Friday, October 29, 2010

Google: The Quick, the Sick and the Dead - 4th edition

It's been 4 months since the 3rd edition of Google: The Quick, the Sick and the Dead, so this edition is about two months early. It's time though -- because Google is changing fairly quickly.

Changing quickly, but not improving. In the list below I put in parens the prior QSD rating for each item and I've added a section for the official dead. I've decided to stick with only those Google products I personally use, so I've omitted Android.

Comments below.

The Quick (Q)
  • Google Scholar (Q)
  • Gmail (Q)
  • Chrome browser (Q)
  • Picasa Web Albums (Q)
  • Calendar (Q)
  • Maps and Earth (Q)
  • News (Q)
  • Google Docs (Q)
  • Google Voice (S)
The Sick (S)
  • Google Search (Q)
  • Google Reader (Q)
  • Google’s Data Liberation Front (Q)
  • Translate (Q)
  • Custom search engines (Q)
  • Books  (Q)
  • YouTube (Q)
  • Google Apps (Q)
  • Google Profile (S)
  • Google Contacts (S)
  • Google Mobile Sync (S)
  • Google Video Chat (S)
  • Google Checkout (S)
  • Orkut (S)
  • iGoogle (S)
  • Gmail Tasks (D)
The Walking Dead (D)
  • Chrome OS (S)
  • Buzz (S)
  • Blogger (D)
  • Google Groups (D)
  • Google Sites (D)
  • Google Base (D)
  • Knol (D)
  • Firefox/IE toolbars (D)
  • Google Talk (D)
  • Google Parental Controls (D)
The Officially Dead - since last edition
  • Google Desktop (D)
  • Google Wave (D)

Since the last edition there have been three escapes from Walking Dead. Two products are now officially dead and Gmail Tasks has been promoted to merely Sick (still uninteresting). There's been one promotion from Sick to Quick - Google Voice.

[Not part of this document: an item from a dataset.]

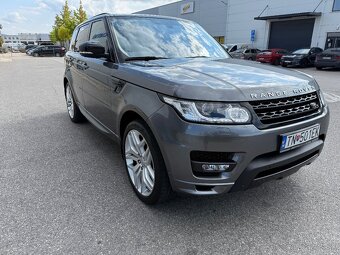 Land Rover Range Rover Sport Audiobiography - 3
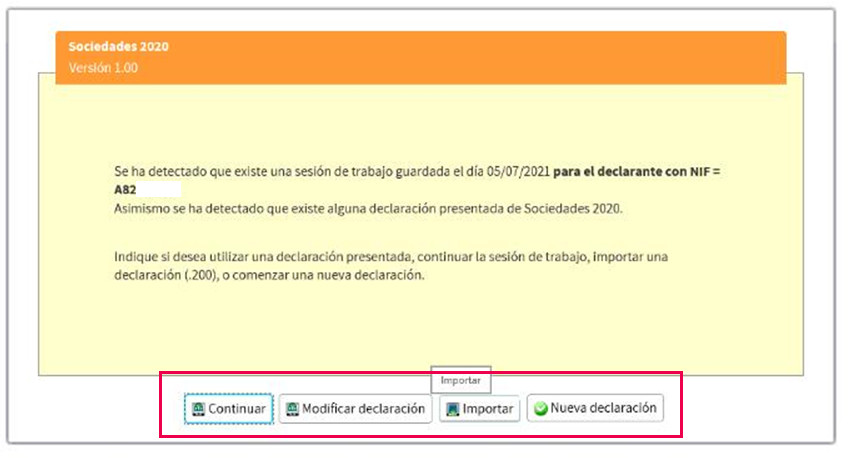 otras opciones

Seven products have moved from Quick to Sick - including Search. That's a big one. Google suggest is fun, but Google is losing the splog wars. Too many of the results I get back are splog noise. I love Reader, but the Notes/Comments silliness has to mark it as Sick. I also love the Data Liberation Front, but they're not getting traction any more. I suspect they've lost funding. Translate hasn't made progress on the non-Euro languages, so it's increasingly irrelevant.

Overall, this is a grim time to be a hard core Google user. Of course I don't use Android, and Android gets a lot of press. I wonder, however, given the rest of Google's recent record, how solid Android really is.

I wonder if this performance is ever going to show up in Google's  share price.